Passenger-car speed assumptions embedded in a default OSM routing graph produce ETAs that are systematically wrong for Class 6–8 trucks: mass-dependent acceleration lag, regulatory speed governors, and grade-induced velocity decay all drive real traversal times well above what generic profiles predict. Speed profile calibration for heavy vehicles is the process of replacing those assumptions with physics-grounded, telematics-validated velocity surfaces that reflect how freight actually moves — and it sits at the heart of the OSM Graph Architecture & Network Modeling pipeline, between raw topology construction and the cost function layer that feeds the routing solver.
Prerequisites
Python version: 3.9 or later. The vectorized patterns below use numpy structured dtypes and pandas nullable integer types that are unstable on earlier releases.
Libraries:
# Install all required dependencies
pip install osmnx>=1.9 networkx>=3.2 numpy>=1.26 pandas>=2.1 \
geopandas>=0.14 pyarrow>=14 scipy>=1.11 rasterio>=1.3
Data sources:
- OSM PBF extract for your region — download from Geofabrik or use
osmnx.graph_from_place. The process of building directed graphs from OSM PBF files should be completed first so thathgv,hgv:conditional,maxweight, andmaxheighttags are preserved in edge attributes. - Digital Elevation Model at ≤10 m resolution. SRTM 1-Arc-Second (30 m) is the practical minimum; Copernicus DEM GLO-30 offers better accuracy on European networks.
- Telematics corpus — GPS traces or CAN-bus logs from your fleet, exported as timestamped GeoJSON or CSV. Minimum 30 days of data covering the target network provides statistical confidence; sparser coverage still improves calibration on high-volume corridors.

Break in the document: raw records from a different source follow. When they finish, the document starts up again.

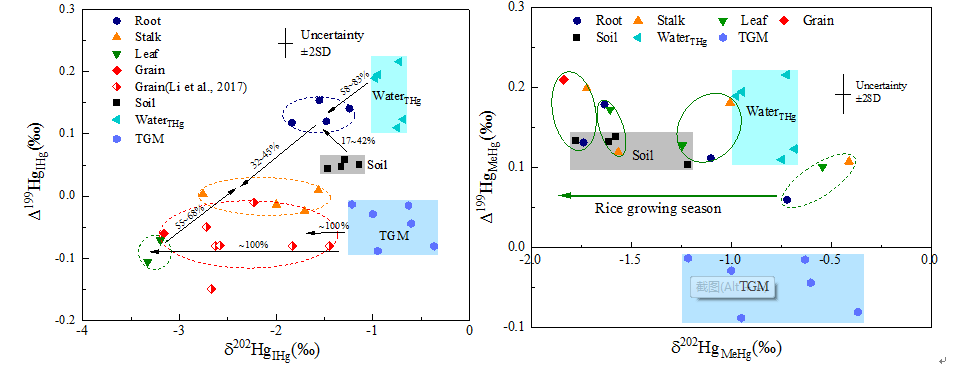 稻田生态系统汞同位素分馏特征研究取得新进展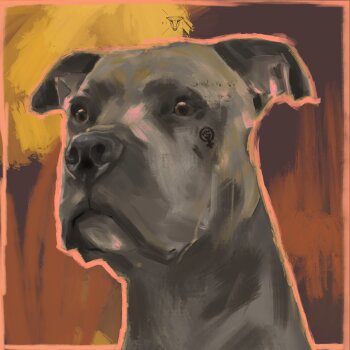 Pilz - Strassenköter Artwork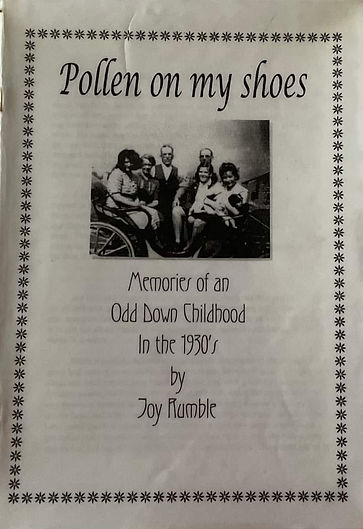 pollen on my shoes.jpg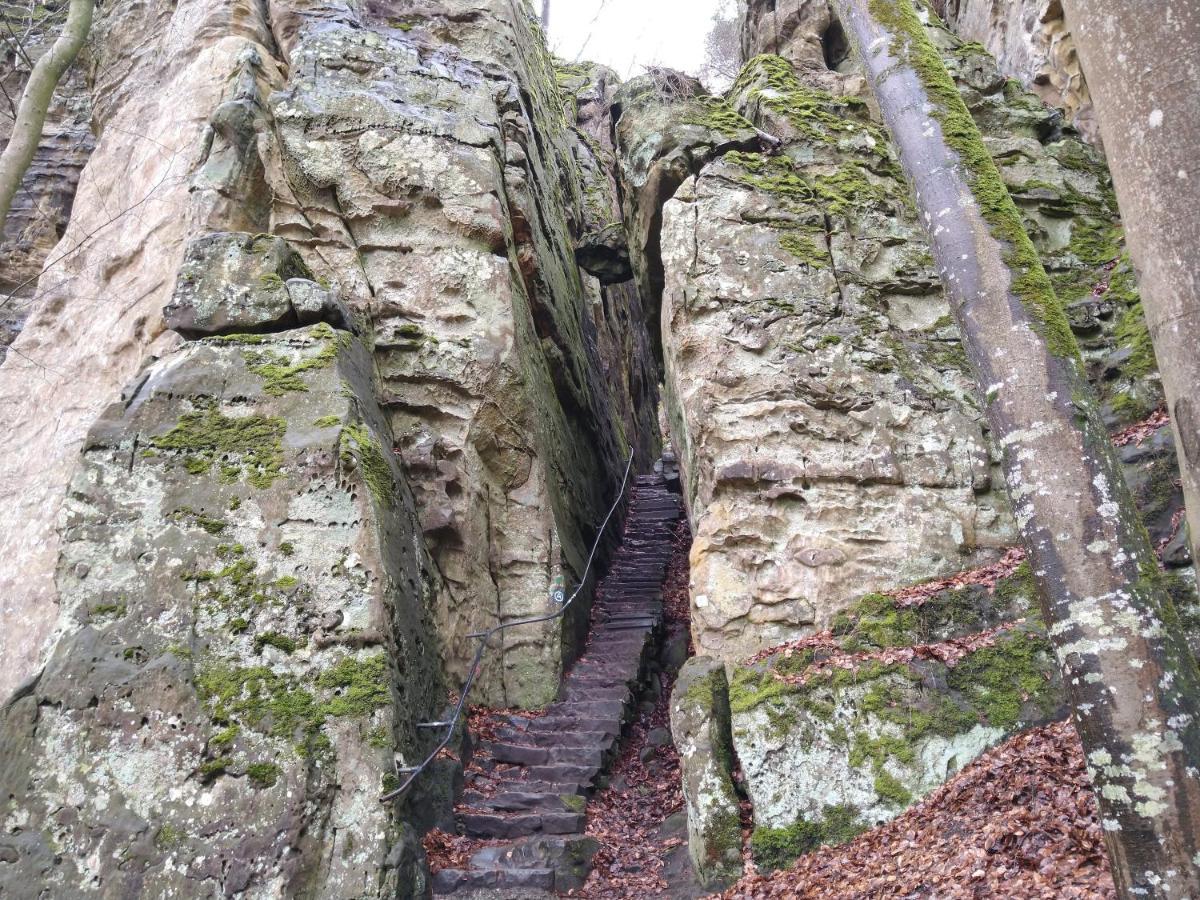 Ferienhaus Fraeulein Frenz Bollendorf Kültér fotó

System resources: Continental-scale graphs (>50 M edges) require 32 GB RAM for in-memory pandas operations. For larger networks, the production optimization section covers chunked polars and memory-mapped Parquet patterns.
Conceptual Architecture
Heavy vehicle speed calibration inserts a transform layer between raw OSM topology and the cost function that configuring edge weights for freight logistics consumes. Three physical effects compound to reduce traversal speed below the posted limit:
- Regulatory caps — speed governors limit Class 8 trucks to 80–90 km/h in North America and 80–90 km/h in the EU regardless of posted motorway limits.
- Grade-induced velocity decay — sustained inclines above 3 % force power-limited deceleration; declines require braking-limited speed caps to prevent runaway.

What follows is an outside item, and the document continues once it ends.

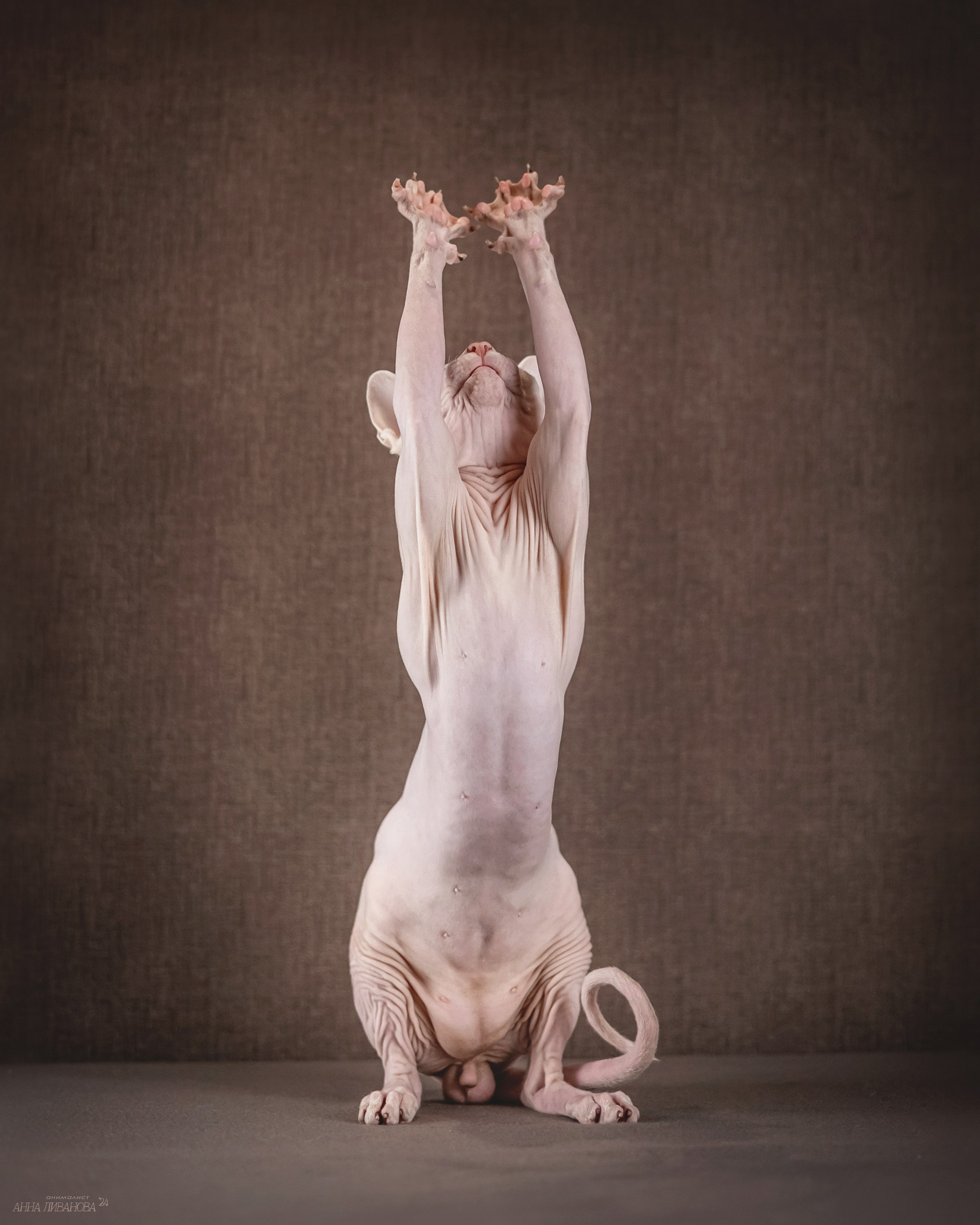 Сфинкс Арчи. Фотограф анималист Аня Ливанова | Рыбинск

- Acceleration lag — on short edges (ramps, urban intersections), laden trucks cannot reach cruising speed within the available distance, so the time-weighted average speed is materially lower than posted.

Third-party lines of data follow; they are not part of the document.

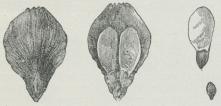 Fig. 9. Rødgran, Kogleskæl set udvendig og<bindvendig fra, visende henholdsvis det lille Dækskæl og de<bmodne Frø. — Frø med og uden Vinge.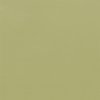 Coala Interior film SOLID COLOR RM19 - Light Olive Grain 1220 mm
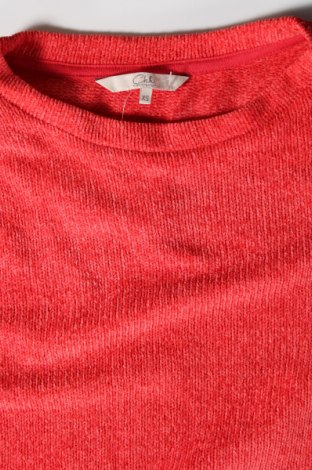 Γυναικεία μπλούζα Clockhouse, Μέγεθος XS, Χρώμα Κόκκινο, Τιμή 2,59 €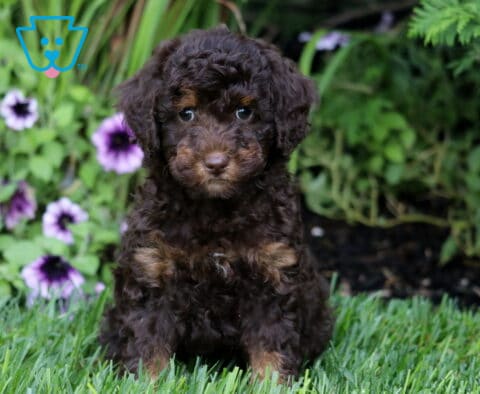 Miles Mini Bernedoodle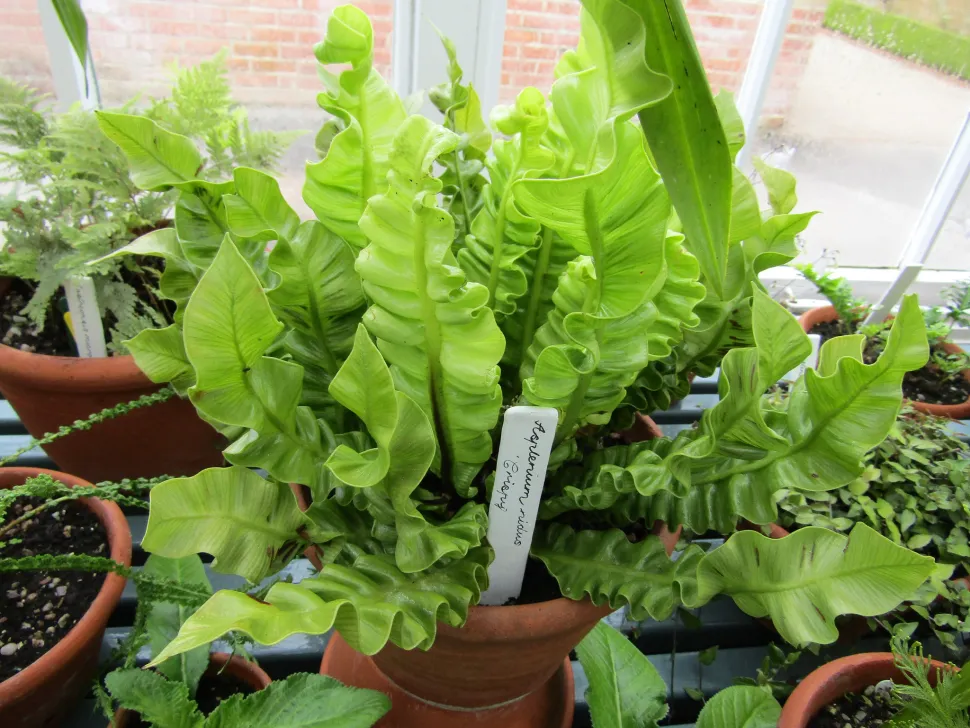 Crispy wave bird's nest fern in pot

The calibration output is a per-edge calibrated_speed_kmh attribute. Downstream, t = d / v converts this to traversal time, which becomes the edge weight fed to A* or Contraction Hierarchies.
Step-by-Step Implementation
Step 1: Network Extraction and HGV Access Filtering
Load the directed graph and strip edges that are legally or physically inaccessible to heavy vehicles. This step must preserve graph connectivity to avoid routing dead-ends in industrial corridors; see graph fragmentation prevention in OSM data for the connectivity-repair patterns that should run immediately after filtering.
# Requires: osmnx>=1.9, networkx>=3.2, pandas>=2.1
import osmnx as ox
import networkx as nx
import pandas as pd
import numpy as np
VEHICLE_WEIGHT_T = 26.0 # gross vehicle weight in tonnes (Class 8 typical)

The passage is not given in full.